Monday, October 09, 2006
The Sounds of Silence
A couple of weeks ago mom began choking on her food – she was losing that part of her brain that told her how to swallow. Last week she began to refuse food and water and we had to force her through coercion, bribery and down-right threats to get her to eat even a little bit. We could have had feeding tubes put in, but that would mean that she would either have to be tied down 24 hours a day or put in a comatose stage in order to keep her from pulling the tubes out. That is no kind of life. If there were a chance that she would get better, that would be different. But this is Alzheimer’s and there is no better. It was decided that there would be no feeding tubes and we would let nature (and God) take its course.
The worse part of this has been the hallucinations – the week-long screaming and ranting rage that lasted almost 24 hours a day (this was before hospice) – my mother lying in bed screaming like an animal and yelling obscenities at people who weren’t there. Also no way to live. The prognosis is a week to 10 days – it really depends upon her physical health (good) and her body fat – so it could be 2 weeks. I will try to keep you updated as things progress.
Saturday, October 07, 2006
Wednesday, October 04, 2006
She's starting to have trouble swallowing and she has tremors in her right hand - palsy. She's also developed a bed sore - she resists laying on her side, but we're working on it.
Turning her is causing the arthritis to flare up in my hands. My fingers are often stiff and sore, making typing painful. I've practically stopped blogging, sorry about that. I miss the interaction, but everything is just overwhelming right now. I'm in that black hole that Deb mentioned on her blog the other day. I tried blogging that day, started at the bottom of my list, but only made it to the "S's" before I had to stop.

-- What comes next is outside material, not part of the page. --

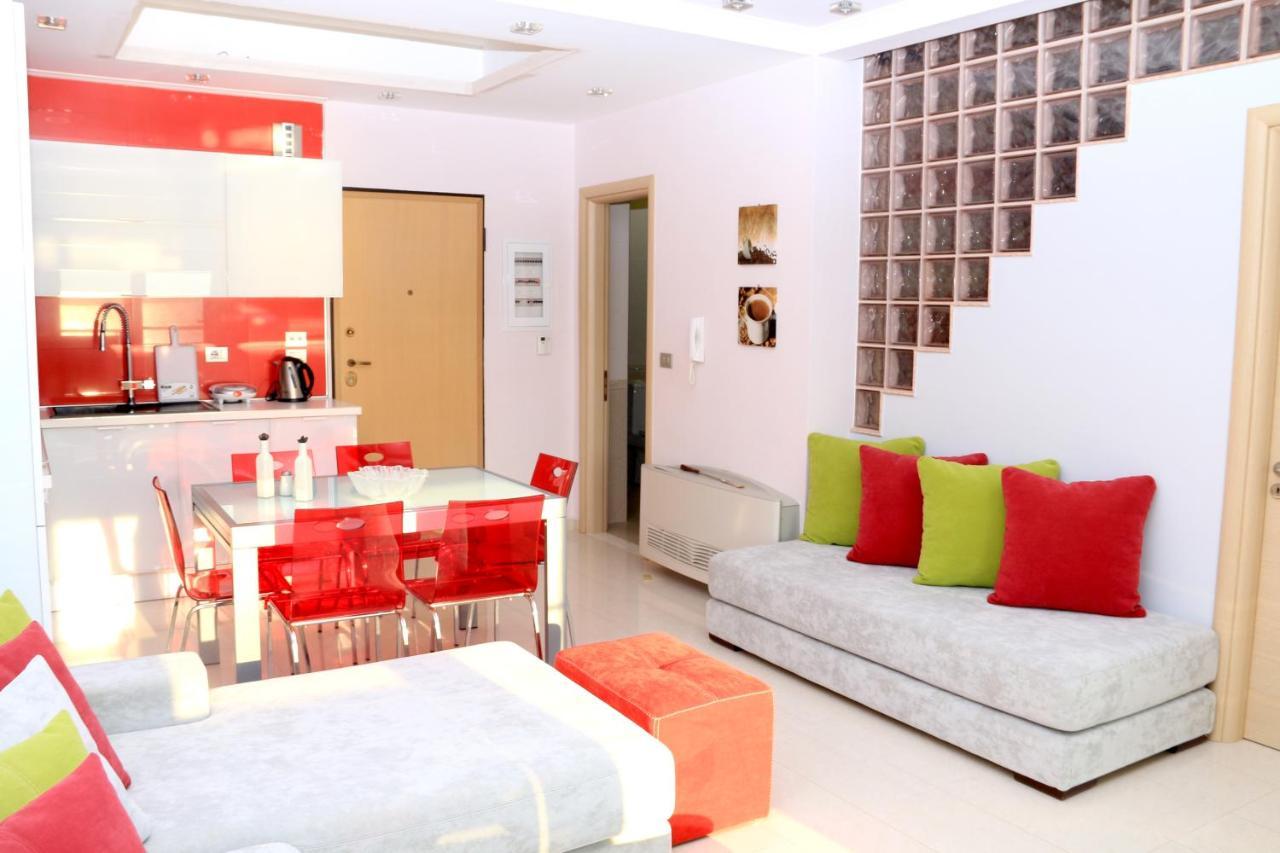 Luxury Seafront Apartments Sarande Bagian luar foto
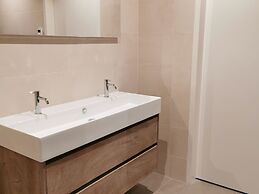 Swanky Villa in Zeewolde With Garden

On Friday, a doctor is coming to the house to evaluate mom for a local Eldercare HouseCall service that one of the hospital runs. If she qualifies (and the physical therapist and the RN thinks she will) then she will no longer have to go to the doctor, they'll come here. Of course, this means switching doctors, but as I've said before, that's no problem for me.
That's all for now, I'll try to update as things go on.